10 000 auteurs publient un livre “vide” pour protester contre l’IA
En guise de protestation contre l'utilisation de leurs œuvres dans l'entraînement de l'IA, des auteurs écrivent un ouvrage presque vide. Ils sont environ 10 000 à avoir participé au projet.

L'entraînement des modèles d'intelligence artificielle est une question très épineuse. Pour devenir plus performante, l'IA a besoin de données. Sauf que certaines sont protégées par des droits d'auteur. Le problème, c'est que les grandes entreprises n'hésitent pas recourir à des méthodes très discutables pour ne pas avoir à payer de licence d'utilisation. L'an dernier, Anthropic, derrière l'IA Claude, a réglé une affaire l'accusant d'avoir piraté des livres en versant 1,3 milliard d'euros aux plaignants.
Mais le débat est loin d'être clos. Au Royaume-Uni, le gouvernement doit se réunir le 18 mars prochain pour décider si oui ou non il faut assouplir la loi sur les droits d'auteur.

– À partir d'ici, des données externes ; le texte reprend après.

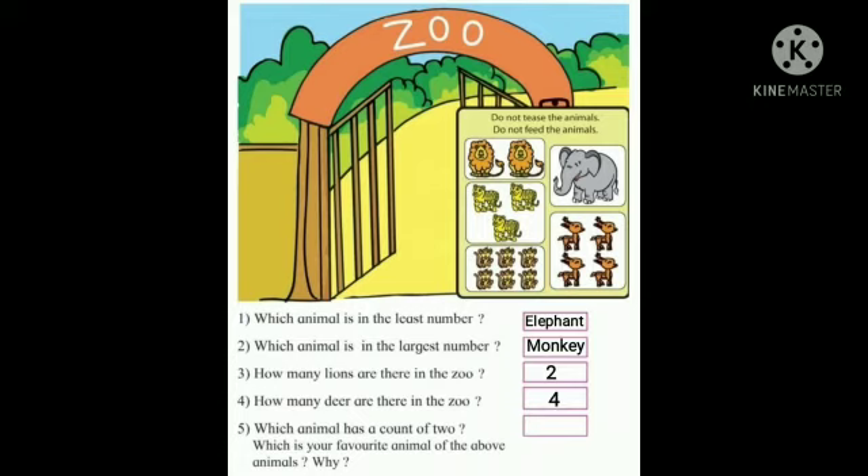5. Which animal has a count of two? Lion. 6. Which is your favourite animal of the above animals? Why?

Certains proposent de laisser les IA accéder aux œuvres protégées sans permission, à moins que l'auteur indique explicitement qu'il ne le souhaite pas. Face à cette possibilité, le compositeur Ed Newton-Rex a lancé une initiative prenant la forme d'un livre intitulé “Don't steal this book” (Ne volez pas ce livre). Environ 10 000 auteurs y ont participé, et pourtant il ne raconte rien.
Un livre “blanc” pour protester contre l'entraînement de l'IA sur des œuvres protégées
L'ouvrage est en réalité un enchaînement de noms et prénoms, ceux qui ont rejoint le projet de Newton-Rex. On y trouve entre autres Kazuo Ishiguro, Richard Osman ou Malorie Blackman. Pour cette dernière, “il n’est absolument pas déraisonnable d’attendre des entreprises spécialisées en IA qu’elles paient pour l’utilisation des ouvrages des auteurs“. L'instigateur du livre va plus loin en accusant le secteur d'être “bâti sur des travaux volés […] pris sans autorisation ni rémunération“.
Il ajoute que ce n'est pas “un crime sans victime : l'IA générative concurrence les personnes dont elle s'appuie sur le travail, les privant ainsi de leurs moyens de subsistance. Le gouvernement doit protéger les créateurs britanniques et refuser de légaliser le vol de leurs œuvres par les entreprises d'IA“. Du côté des élus, un porte-parole affirme que l'objectif est “un régime de droit d'auteur qui valorise et protège la créativité humaine, qui soit digne de confiance et qui libère l'innovation“.